Machine Learning for Anomaly Detection in Blockchain: A Critical Analysis, Empirical Validation, and Future Outlook

Blockchain technology has transformed how data are stored and transactions are processed in a distributed environment. Blockchain assures data integrity by validating transactions through the consensus of a distributed ledger involving several miners as validators. Although blockchain provides multiple advantages, it has also been subject to some malicious attacks, such as a 51% attack, which is considered a potential risk to data integrity. These attacks can be detected by analyzing the anomalous node behavior of miner nodes in the network, and data analysis plays a vital role in detecting and overcoming these attacks to make a secure blockchain.
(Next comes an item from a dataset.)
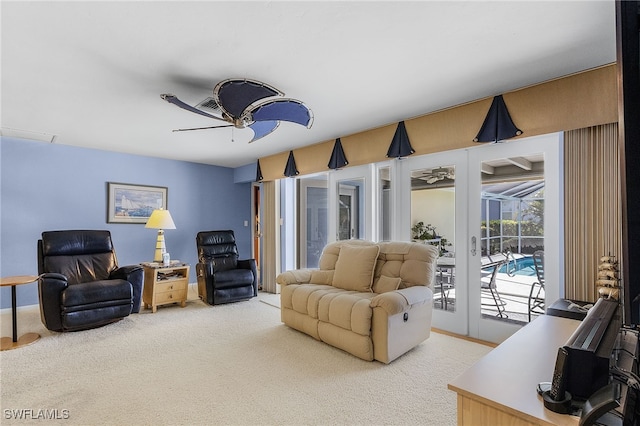 living room featuring ceiling fan and carpet floors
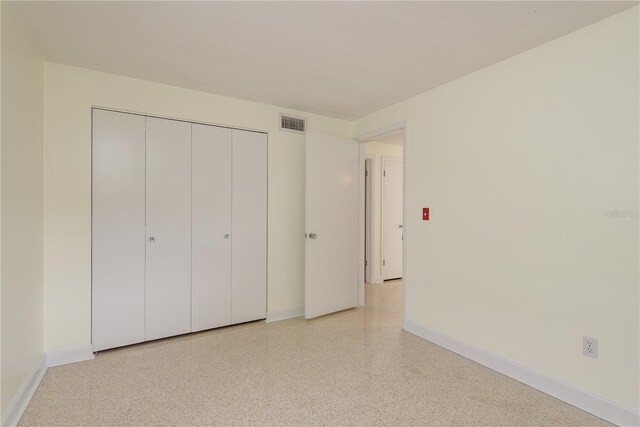 2020 Douglas Ave, Dunedin, FL 34698 - unfurnished bedroom with baseboards, dark aggregate flooring, and a closet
Integrating machine learning algorithms with blockchain has become a significant approach to detecting anomalies such as a 51% attack and double spending. This study comprehensively analyzes various machine learning (ML) methods to detect anomalies in blockchain networks. It presents a Systematic Literature Review (SLR) and a classification to explore the integration of blockchain and ML for anomaly detection in blockchain networks. We implemented Random Forest, AdaBoost, XGBoost, K-means, and Isolation Forest ML models to evaluate their performance in detecting Blockchain anomalies, such as a 51% attack. Additionally, we identified future research directions, including challenges related to scalability, network latency, imbalanced datasets, the dynamic nature of anomalies, and the lack of standardization in blockchain protocols. This study acts as a benchmark for additional research on how ML algorithms identify anomalies in blockchain technology and aids ongoing studies in this rapidly evolving field.